As Mr Mortada had implied, and my background reading for this interview had suggested, Lebanon has some fascinating statistics on religious and ethnic diversity – the country was most recently recorded as roughly 26% Sunni Muslim, 25% Shia Muslim, 40% Christian in a host of different denominations, and a small Jewish population who remained mostly in Beirut even after the Lebanese Civil War. I asked the Ambassador what lessons he thought other Arab nations, and indeed countries across the rest of the world, could learn from this almost unparalleled level of diversity in a time where religious tolerance, particularly in the Western world, is a tense subject of discussion.

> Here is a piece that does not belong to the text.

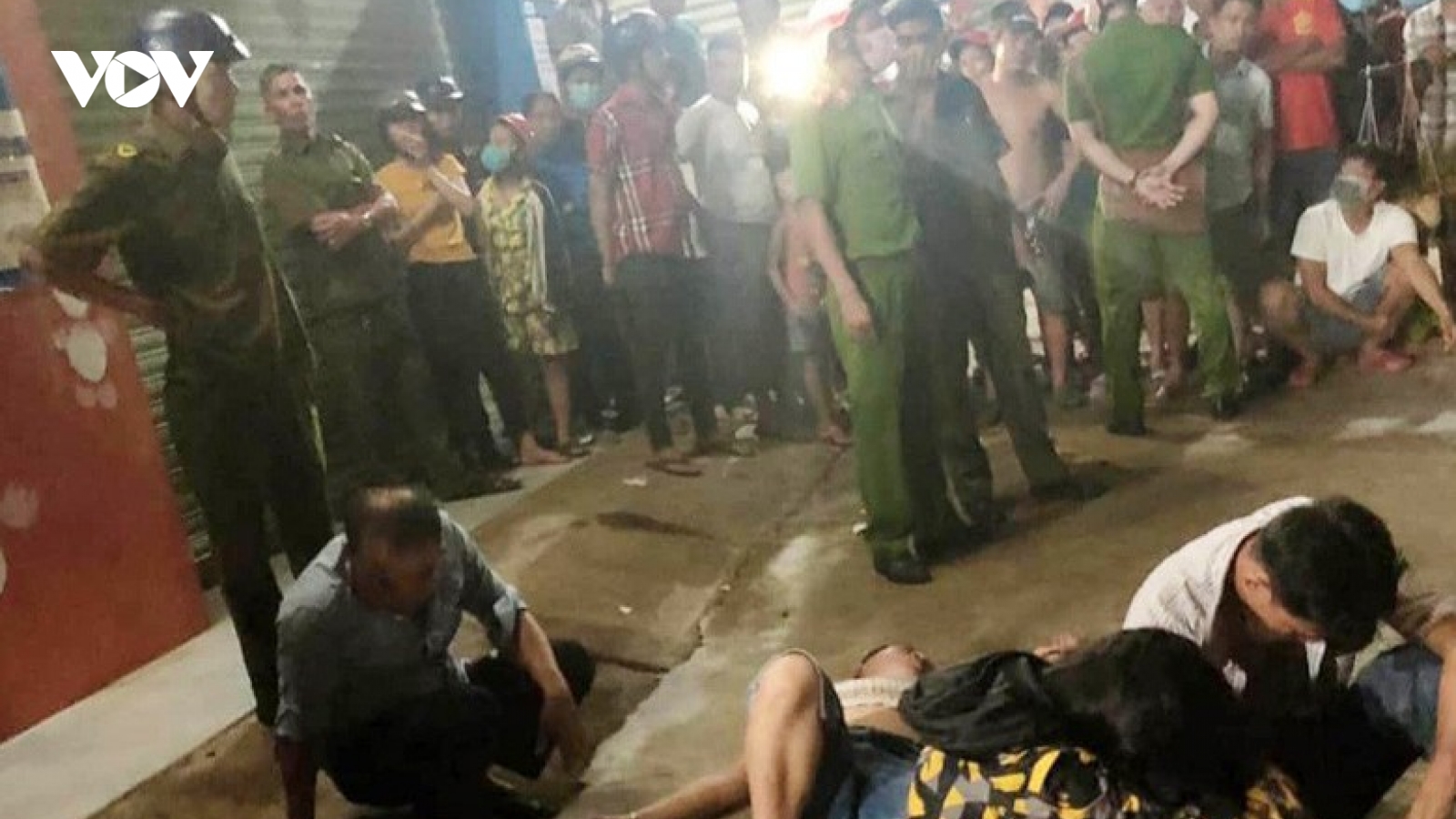 3 thanh niên bị dân vây bắt sau tiếng hô hoán “bị bắt cóc“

“The lesson that can be learned is that religion could be a blessing, because it is a reservoir of values, but at the same time religious and political instrumentalisation is not. So what you should take from religion are the core values, and as you become more religious, you become a better citizen, because that’s what religion is all about. The spirituality in religion is something very good, and it should bring you closer to the other, rather than be a divide. That’s the main lesson that should be learned.”

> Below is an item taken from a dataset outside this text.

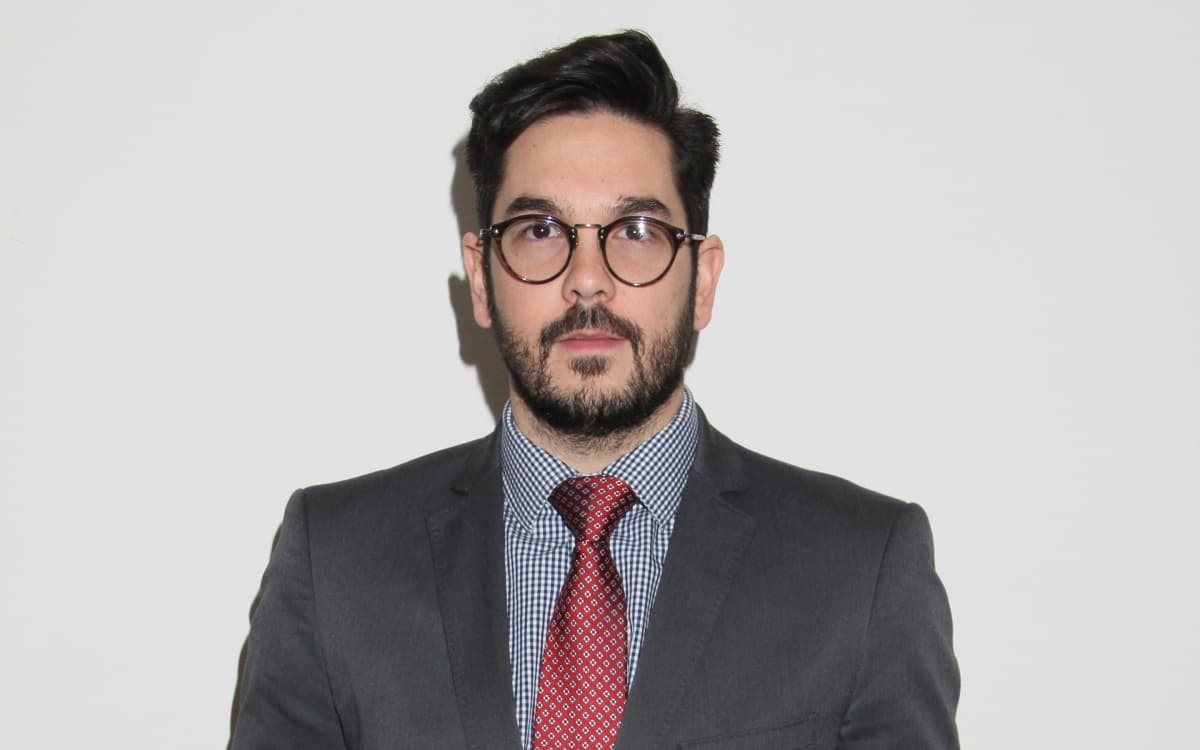 Él es Pedro Ortiz de Pinedo, el hijo de Jorge Ortiz de Pinedo que triunfa como productor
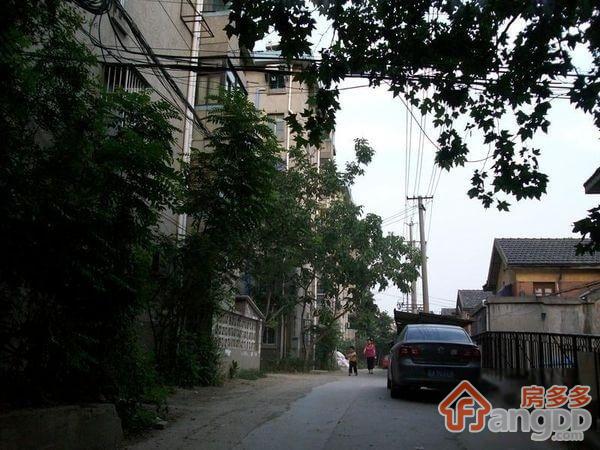 华电三宿舍小区图片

Other observations I made from my research on Lebanon is that Lebanese history is recent history: the country was only founded on the 22nd November 1943, after it’s emancipation from the French empirical control after significant international pressure. I got a sense from the Ambassador that this had had an impact on the way the Lebanese people feel about their own, fairly fraught, history.

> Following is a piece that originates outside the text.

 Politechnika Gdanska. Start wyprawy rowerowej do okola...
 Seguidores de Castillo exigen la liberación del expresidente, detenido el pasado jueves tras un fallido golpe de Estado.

“There is always consciousness within Lebanon that ‘Lebanon’ as an entity is much older than ‘Lebanon’ the country – this is, even factually, true. Before the modern Lebanon came out, the state of Lebanon was established at the beginning of the 20th century. The concept of Lebanon existed, even beyond it’s borders – there has always been a Lebanon of some kind, and it always had a separate cultural identity; some sort of political autonomy even. So the Lebanese are aware of that, and they are proud of belonging to this glorious history…At the same time as being proud, they don’t always see eye to eye, they don’t agree on all the aspects of their history.” I probed the possibility that this creates tensions between the different groups he had described. His summary was neat and proverbial. “Who is a hero for some is not for others…but this is normal in a pluri-cultural society and I think some effort should be deployed in order to bring different views together over one version of history, that’s very important.”
Leading on from this, my final question was one of hope: what, in the Ambassador’s view, is changing in terms of the way we perceive each other as nations?
“I think the challenge with modern technology and media today is we tend to look for the easy truth and the easy perception…no-one does a fact check today, you just take whatever you find on Google as an absolute truth. In principle it is truth, but every truth has nuances. So what I caution is that one should not deal with absolute perceptions as absolute truths. That’s one of the downsides of modern communication: take Twitter for example. How can I explain an idea in 280 characters? Whether I’m fluent in Tweeting [or not], every idea needs to be unpacked. People are getting used to these ready-mixed ideas, ‘fast meals’ in politics, and that’s very dangerous.”